Perhaps predictably, the current hot topic of Lieutenant Hikaru Sulu's sexuality reared its head at the Star Trek Beyond premiere in London.
"It is definitely high time for an LGBT character to be included in the Star Trek universe," Zachary Quinto, who is also openly gay, told the BBC Tuesday evening, adding that the LGBT community had "long advocated for representation" in the franchise. "We've been really excited by the response, particularly from young people, who have been inspired and motivated by this turn toward progress."
The revelation that Sulu, played by John Cho, was to become gay was made last week, prompting the original actor, George Takei — who is himself openly gay — to tell The Hollywood Reporter that he thought the decision to use an already established Star Trek figure rather than a new character was "really unfortunate."

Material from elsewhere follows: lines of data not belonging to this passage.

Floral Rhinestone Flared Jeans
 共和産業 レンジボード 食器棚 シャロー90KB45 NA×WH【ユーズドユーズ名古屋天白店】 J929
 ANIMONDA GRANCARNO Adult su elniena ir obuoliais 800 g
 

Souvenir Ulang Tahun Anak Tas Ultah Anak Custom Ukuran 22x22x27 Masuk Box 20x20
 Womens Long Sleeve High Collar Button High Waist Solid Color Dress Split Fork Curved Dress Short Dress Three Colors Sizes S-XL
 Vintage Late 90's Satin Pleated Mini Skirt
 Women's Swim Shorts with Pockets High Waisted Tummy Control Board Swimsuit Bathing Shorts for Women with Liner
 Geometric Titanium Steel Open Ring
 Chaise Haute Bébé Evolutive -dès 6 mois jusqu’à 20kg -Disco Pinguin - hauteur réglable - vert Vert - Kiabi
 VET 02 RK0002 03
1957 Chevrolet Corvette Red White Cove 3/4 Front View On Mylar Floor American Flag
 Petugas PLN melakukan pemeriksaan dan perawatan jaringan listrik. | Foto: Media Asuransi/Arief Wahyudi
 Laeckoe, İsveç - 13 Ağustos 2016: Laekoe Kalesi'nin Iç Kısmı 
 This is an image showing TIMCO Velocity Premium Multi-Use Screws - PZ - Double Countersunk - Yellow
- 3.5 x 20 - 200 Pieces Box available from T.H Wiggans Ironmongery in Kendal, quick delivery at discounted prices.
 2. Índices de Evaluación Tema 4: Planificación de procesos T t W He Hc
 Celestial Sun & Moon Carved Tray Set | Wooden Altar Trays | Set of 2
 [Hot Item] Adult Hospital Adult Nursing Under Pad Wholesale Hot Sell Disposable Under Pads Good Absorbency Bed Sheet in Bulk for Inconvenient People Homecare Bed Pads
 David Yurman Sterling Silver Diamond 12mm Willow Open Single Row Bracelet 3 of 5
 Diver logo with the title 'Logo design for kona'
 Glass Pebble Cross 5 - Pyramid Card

Co-writer and star Simon Pegg immediately responded in a statement, saying that he "respectfully disagreed" with Takei, and that he, fellow writer Doug Jung and director Justin Lin "loved" the idea of the gay character being someone already known.
"It was not something that was flippant," added Lin while in London. "It was something a lot of thought went into. George [Takei] is entitled to his opinion, but at the end of the day I'm the gatekeeper for this, and I think it's in the spirit of what [Gene] Roddenberry wanted."
Sulu himself, Cho, said that he was concerned about the decision because he knew that Takei was "a gay man who had played a straight character."
"I know he felt a fair bit of ownership of that character, and legitimately so," he added. "I was also worried that it might be inferred that we were somehow suggesting that sexuality was a choice. But I don't think anyone has inferred that, and we're certainly not saying that."
As for Captain Kirk, Chris Pine admitted he didn't expect the subject to become such a big deal. "I'm a little stunned there's been so much attention given to it," he said.
Star Trek Beyond is due to have its U.S. premiere at Comic-Con on July 20.